Temos ainda a tomografia segmentar, usando a tomografia de coerência óptica (OCT). Este sistema permite a segmentação de camadas da córnea. A córnea tem basicamente a camada epitelial, a camada estromal e a camada interna, que é o endotélio. Essa camada epitelial é muito importante e tem rápida renovação (turnover) das células. Temos uma renovação celular completa a cada semana. Quando fazemos a cirurgia, essa camada está ativamente modifica, sendo esta cicatrização capaz de mudar o resultado da cirurgia. No caso da cirurgia de ablação de superfície ou PRK, tiramos esta casquinha de células superficiais (epitélio) para tratamento refrativo com o laser. Sabendo a espessura desta camada de células superficiais, podemos programar o laser de uma forma mais eficiente. Então, a tomografia segmentar é um recurso muito importante, para não dizer fundamental, na avaliação de qualquer caso de cirurgia de correção visual a laser.
Por meio do estudo biomecânico da córnea, vemos o comportamento da córnea frente a um estímulo. No caso, o jato de ar na tonometria de não contato, serve para medir a pressão há décadas. Com este estudo, fazemos uso de um sistema de iluminação na córnea para a monitoração detalhada desse processo da deformação da córnea. Destas informações, teremos uma medida de pressão mais correta e informações sobre comportamento estrutural da córnea, que são importantes para diagnosticar, estadia, prognosticar ceratocone, bem como gera dados capazes de aumentar a eficácia ao se planejar cirurgias terapêuticas ou de correção visual a laser.
O estudo do Wavefront ou aberrometria ocular avalia a ótica do olho todo. Basicamente entendemos como o paciente enxerga. A aberrometria permite que quantificar as aberrações ópticas do olho de uma forma mais completa do que a refração tradicional. Quando faz a refração, basicamente o grau esférico que é de miopia ou hipermetropia, e o grau de astigmatismo são avaliados. Com o exame, quantificamos as aberrações ópticas de alta ordem que vão caracterizar qualidade da visão.
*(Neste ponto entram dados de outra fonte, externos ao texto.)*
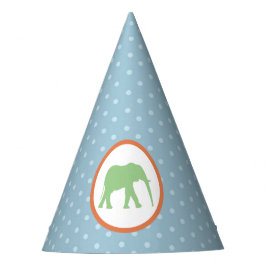 Safari Carousel Birthday Paper Party Petten Feesthoedjes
E isso é importante para se identificar condições que os pacientes podem ter em uma cirurgia, que são mais ou menos favoráveis pelo tratamento de correção visual a laser, por exemplo. Em outras palavras, podemos identificar casos com maior risco de complicações. É importante a gente dizer que estes exames geram informações a mais. Estas ajudam a reduzir problemas e complicações, bem como aumentam a eficiência na correção. Mas, de forma alguma, a tecnologia pode garantir um planejamento perfeito. Isto porque existem questões como a cicatrização e o comportamento biomecânico da córnea. Então, quando a gente começa a entender um pouco mais sobre cada caso, temos condições de fazer um planejamento mais seguro e eficaz. E isso faz a cirurgia personalizada no patamar de melhor qualidade.